Cheese And Potato Soup - cooking recipe

Ingredients
    4 cups broth (2 cans + water)
    6 medium-size russet potatoes, peeled and diced
    1 cup sliced baby carrots (purchased already peeled)
    1 tsp. salt
    1 tsp. dried, minced onion (or 1/2 cup fresh onion, diced)
    1/2 tsp. dried thyme
    1/2 tsp. powdered celery seasoning (or 1/2 cup fresh celery, chopped
Preparation
    Add broth and other ingredients listed above to pot.
    Bring to a boil, reduce heat to medium and cook for 10 minutes.

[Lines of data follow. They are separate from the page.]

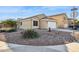 House exterior showcasing a landscaped front yard and a two-car garage at 36509 W Nina St, Maricopa, AZ 85138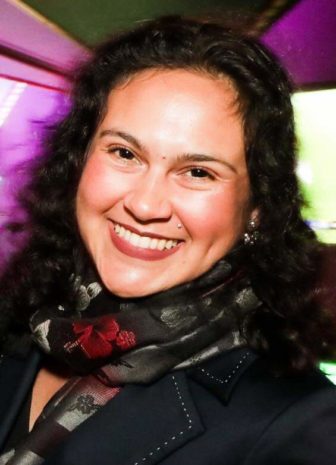 San Francisco: Alex Barrett-Shorter (headshot), communications and policy intern at Center on Juvenile and Criminal Justice, smiling woman with dark hair, earrings, shamrock scarf.
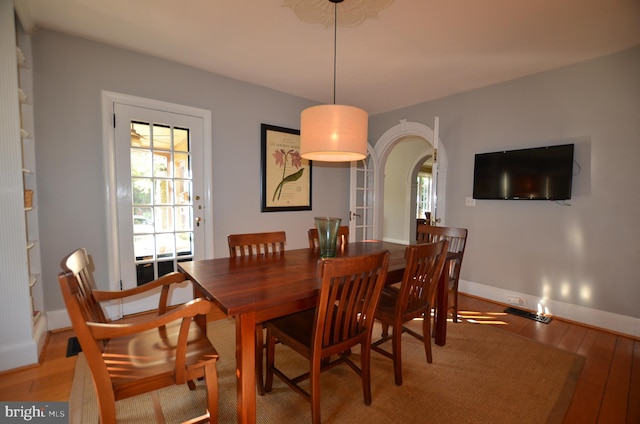 dining space featuring light hardwood / wood-style floors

    Check for doneness of potatoes and adjust cooking time to allow for tenderness of potatoes (very soft). 3 cups milk:
    Slowly add milk to broth and stir thoroughly until milk/broth is warmed together. 1/3 cup flour, 1 cup cold water:
    In separate mixing cup, slowly add flour to COLD water and mix thoroughly.
    Pour mixture slowly into broth/vegetables, stirring as you add it.
    This will thicken the broth. 2 cups shredded cheddar cheese (mild or medium); 1/4 cup (approx.) at a time:
    Add cheese to broth, stirring until melted. Repeat until all cheese has been added.